The Ma government in Taiwan is also promoting a more comprehensive diplomatic solution to the conflict in the form of its East China Sea Peace Initiative (ECSPI). The plan calls for a peaceful resolution to the dispute that: avoids antagonism; promotes dialogue; abides by international law; establishes a code of conduct; and allows for joint exploration and development of resources in the disputed area. Though it’s unlikely the Taiwanese plan will be accepted at face value by China, which views the self-governing island as its own province and thus lacking in the authority to engage in multilateral diplomacy, the ECSPI is the best attempt so far at taking this precarious regional flashpoint and transforming it into an economic boon for all parties involved.
Like so many other disputes past and present, it doesn’t matter so much which party is “right” on the Diaoyu Islands, but that the issue is resolved in a peaceful manner. Doing so will require an act of faith from both Japan and China.
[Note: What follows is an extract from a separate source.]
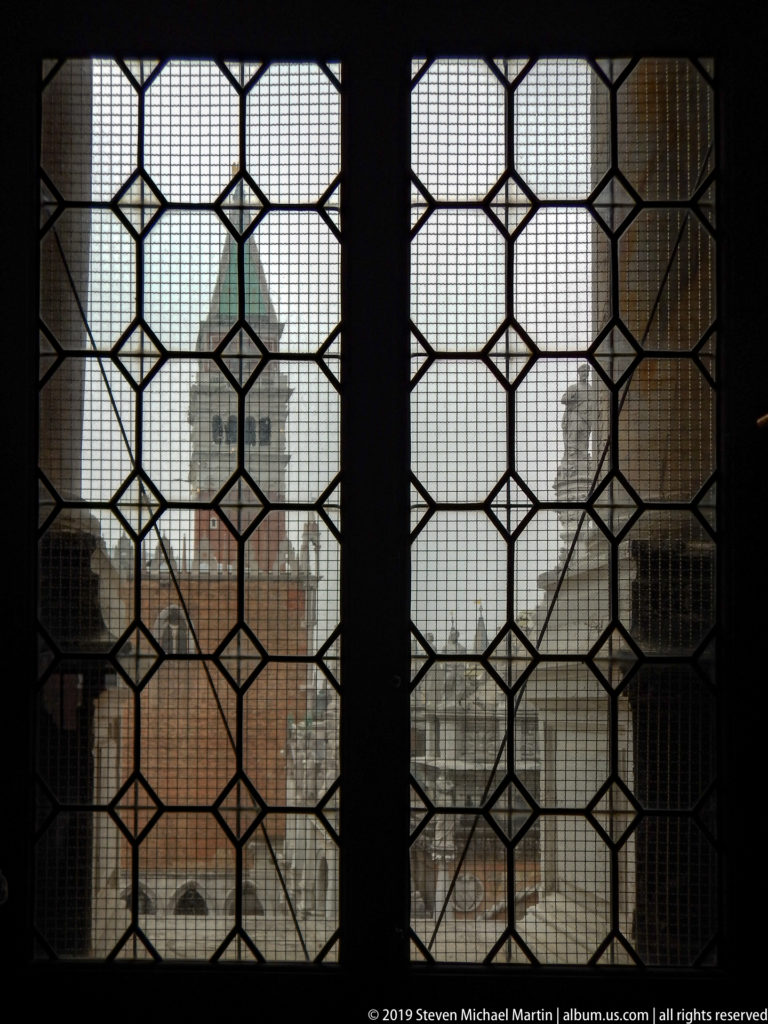 Dark geometric leaded window framing a hazy view of rooftops and towers across Venice.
Abe may already be attempting, however feebly, to atone for his recent shrine visit, declaring that “no heroes rest at Yasukuni” in a Davos speech that was roundly panned by Chinese and South Korean diplomats. It will take a lot more than that to reopen the regional lines of communication, and the task might fall to the Japanese people, who need to send a message to Abe that his dream is not a shared one.
A diplomatic opportunity lies in Japan’s self-marginalization if Beijing is willing to seize it. If the Chinese government can transcend the bitter history involved and take the lead in implementing the spirit of Taiwan’s ECSPI plan, it would go a long way in proving that Beijing is a responsible force in the region. This would serve Chinese interests in a wider sense, from defusing tensions in the South China Sea and sapping regional support for a greater US military presence, to even accruing some of that much sought-after soft power. When viewed in this light, the cost of serious, though ultimately passing popular dissatisfaction might be worth paying in order to shore up longer term strategic considerations.
Given what’s at risk – the lives, wealth, and legacy; not just in East Asia but the world – the decision to seek a peaceful solution should be a no-brainer.